Hong Kong's Hang Seng index dropped 3% to 18,533.05, partly due to heavy selling of Chinese banks shares after Goldman Sachs downgraded them, citing concerns about the slowing economy and lenders' exposures to debt. The Shanghai Composite index declined 0.5% to 3,205.57.

Hong Kong-traded shares in the China Construction Bank Corp. lost 2.8%; China Merchants Bank dropped 1.4% and the Industrial and Commercial Bank of China sank 3.2%.

Japan's Nikkei 225 lost 1.7%, closing at 32,773.02. In Australia, the S&P/ASX 200 dropped 1.3% to 7,157.80 and the Kospi in Seoul lost 1.1% to 2,551.10. India's Sensex gained 0.3%, while shares fell in 1.7% Taiwan and 1.1% in Bangkok.

On Wednesday, the S&P 500 slipped 0.2% edging down from its highest level since April 2022. The Dow fell 0.4% and the Nasdaq gave back 0.2%.

A report on Wednesday showed growth for U.S. factory orders held steady in May, though economists expected to see an acceleration.
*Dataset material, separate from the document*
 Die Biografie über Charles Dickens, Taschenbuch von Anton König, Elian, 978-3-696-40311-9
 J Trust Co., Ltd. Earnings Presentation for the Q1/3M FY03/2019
Meta Platforms, parent company of Facebook, Instagram and WhatsApp, rose 1.9% ahead of the launch of its new app that appears to mimic Twitter. That added to a stellar year where it's already soared 144.6%.

Hope is rising that inflation is cooling enough to get the Federal Reserve to soon stop its hikes to rates, which undercut inflation by slowing the entire economy. Much of Wall Street expects the Fed to raise rates later this month and perhaps once more later this year, as the Fed has been hinting.

That could leave the U.S. stock market stuck in a holding pattern as everyone waits to see if a long-predicted recession does happen or not. The upcoming earnings reporting season could offer some clues, with companies telling investors how much profit they earned during the spring.

Yields were mixed in the bond market. The yield on the 10-year Treasury rose to 3.96% from 3.86% Monday, when bond trading ended early ahead of the Independence Day holiday. The 10-year yield helps set rates for mortgages and other important loans.

The two-year Treasury yield, which moves more on expectations for the Fed, held steady at 4.94%.

In other trading, U.S. benchmark crude oil rose 23 cents to $72.02 a barrel in electronic trading on the New York Mercantile Exchange. On Wednesday it gained $2 a gallon to $71.79 a barrel.

Brent crude, the pricing basis for international trading, advanced 15 cents to $76.80 a barrel.

The dollar fell to 143.99 Japanese yen from 144.64 yen. The euro slipped to $1.0852 from $1.0857.